▸ What needs to be done
The answer should be every line below, repeated exactly, with the images left out.

▸ Data extracted from a collection

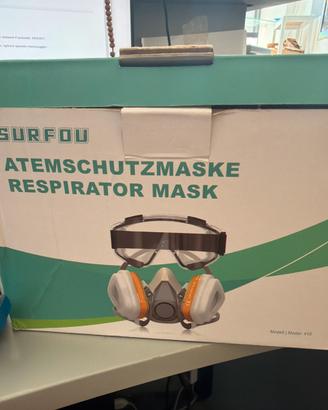 Maschera respiratoria SURFOU modello 410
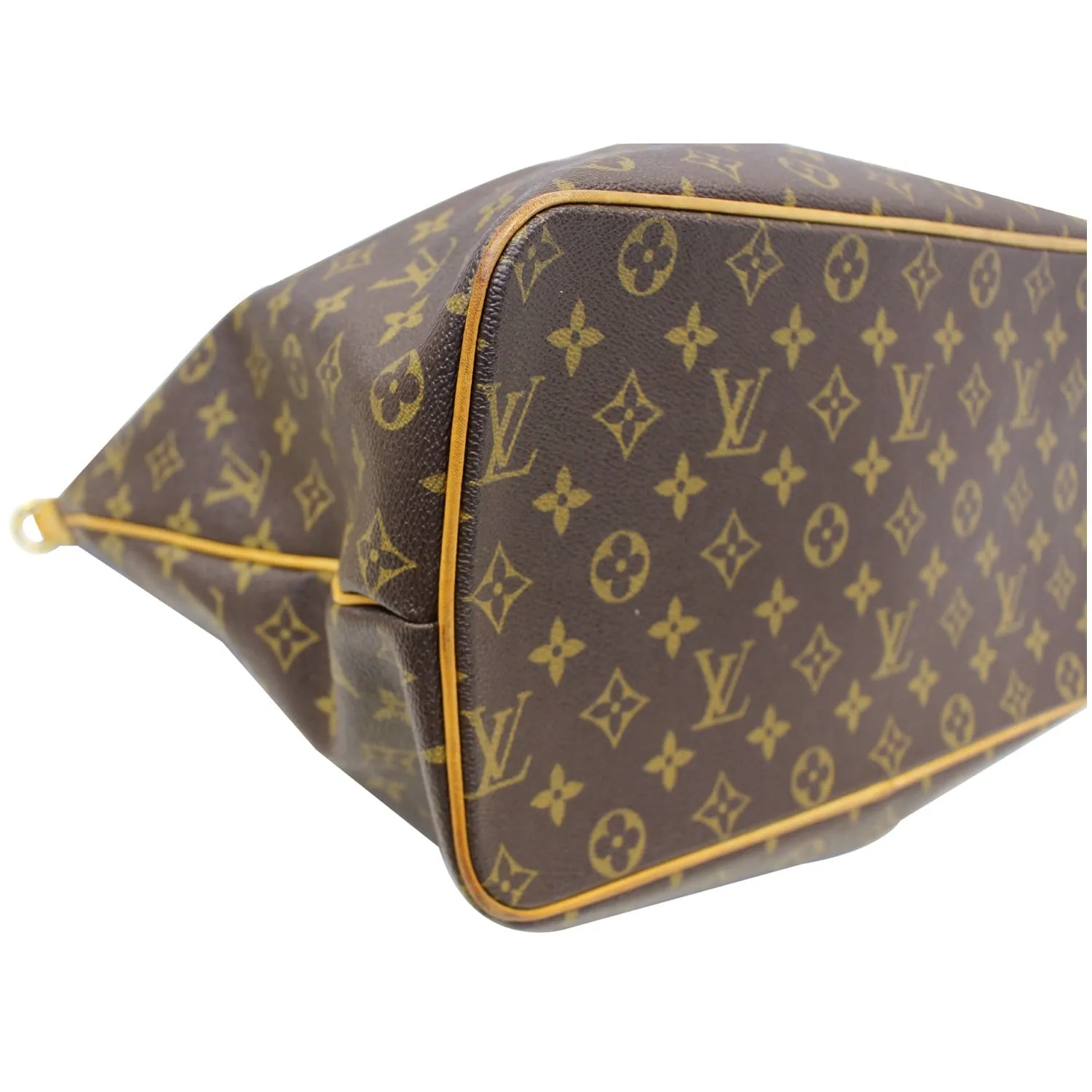 LOUIS VUITTON Palermo GM Monogram Canvas Tote Shoulder Bag
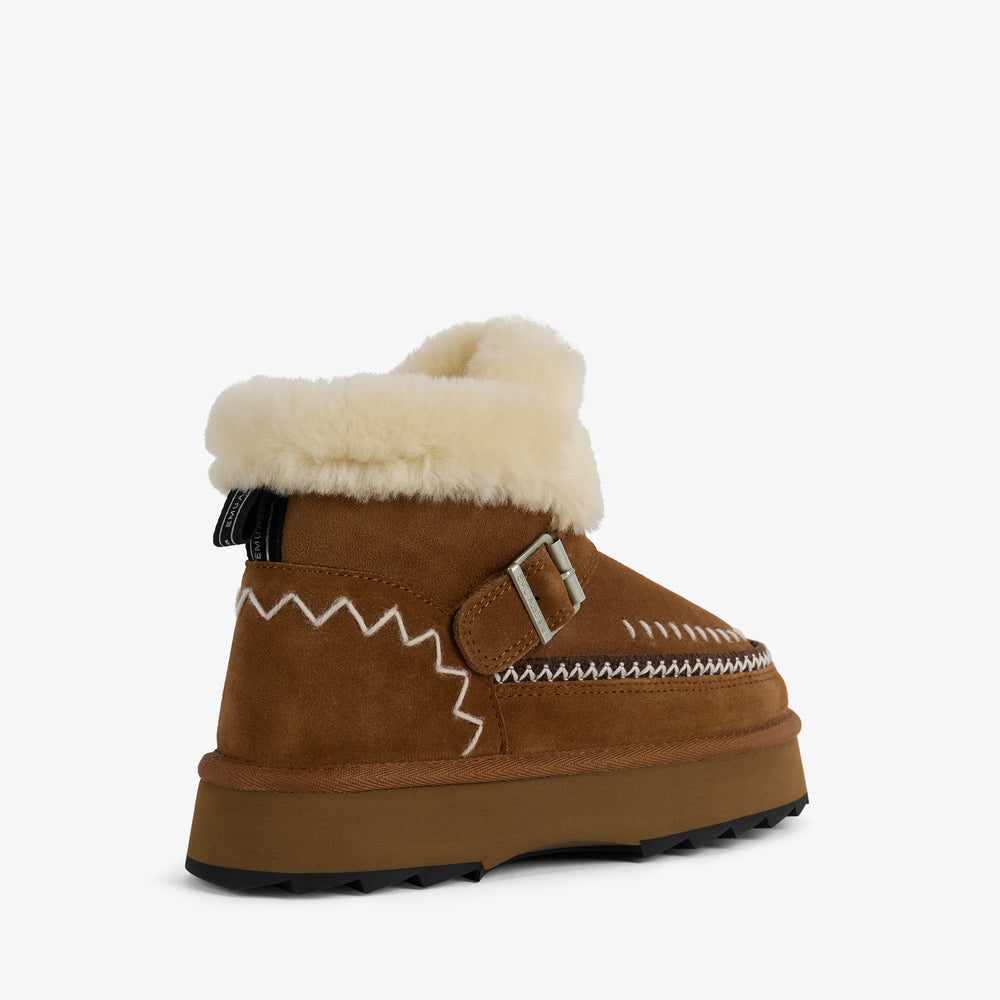 Sunnie - Chestnut||Sunnie - Châtaigne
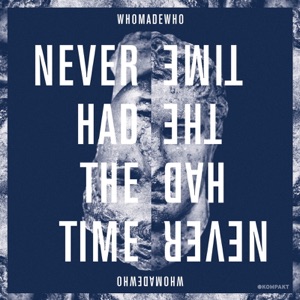 Never Had the Time - Single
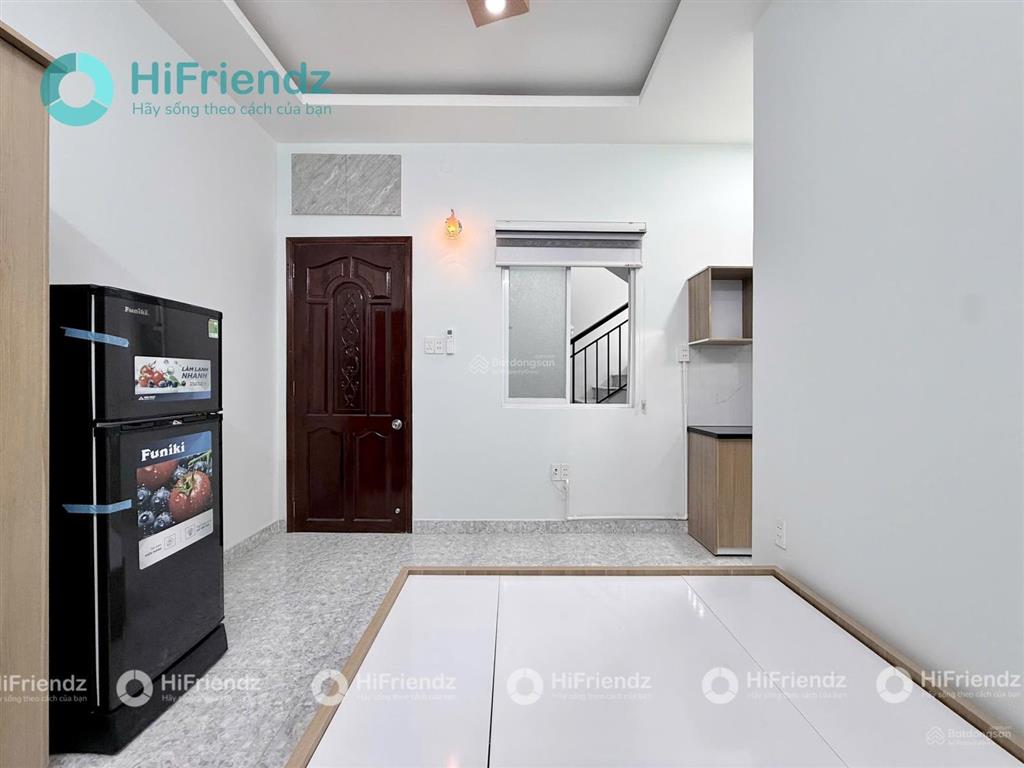 Khai trương phòng studio full nội thất  ngay trung tâm phú nhuận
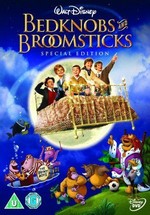 Набалдашник и метла — Bedknobs and Broomsticks (1971)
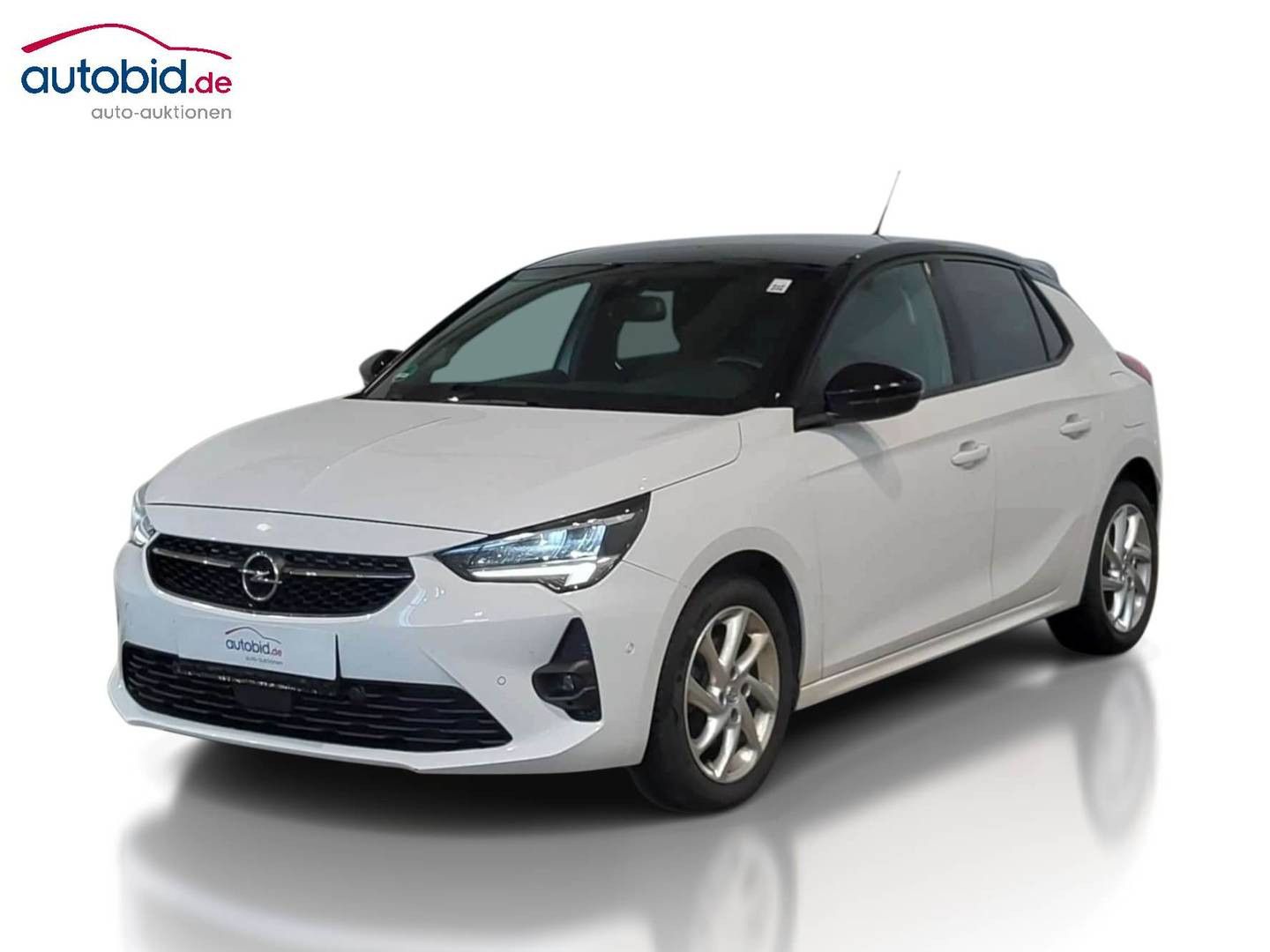 Opel Corsa F GS Line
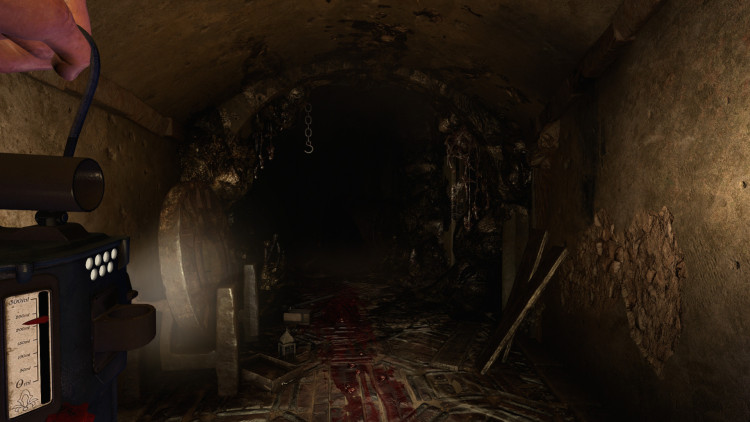 Amnesia Rebirth, Steam Gift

▸ Response to the task
 Maschera respiratoria SURFOU modello 410
 LOUIS VUITTON Palermo GM Monogram Canvas Tote Shoulder Bag
 Sunnie - Chestnut||Sunnie - Châtaigne
 Never Had the Time - Single
 Khai trương phòng studio full nội thất  ngay trung tâm phú nhuận
 Набалдашник и метла — Bedknobs and Broomsticks (1971)
 Opel Corsa F GS Line
 Amnesia Rebirth, Steam Gift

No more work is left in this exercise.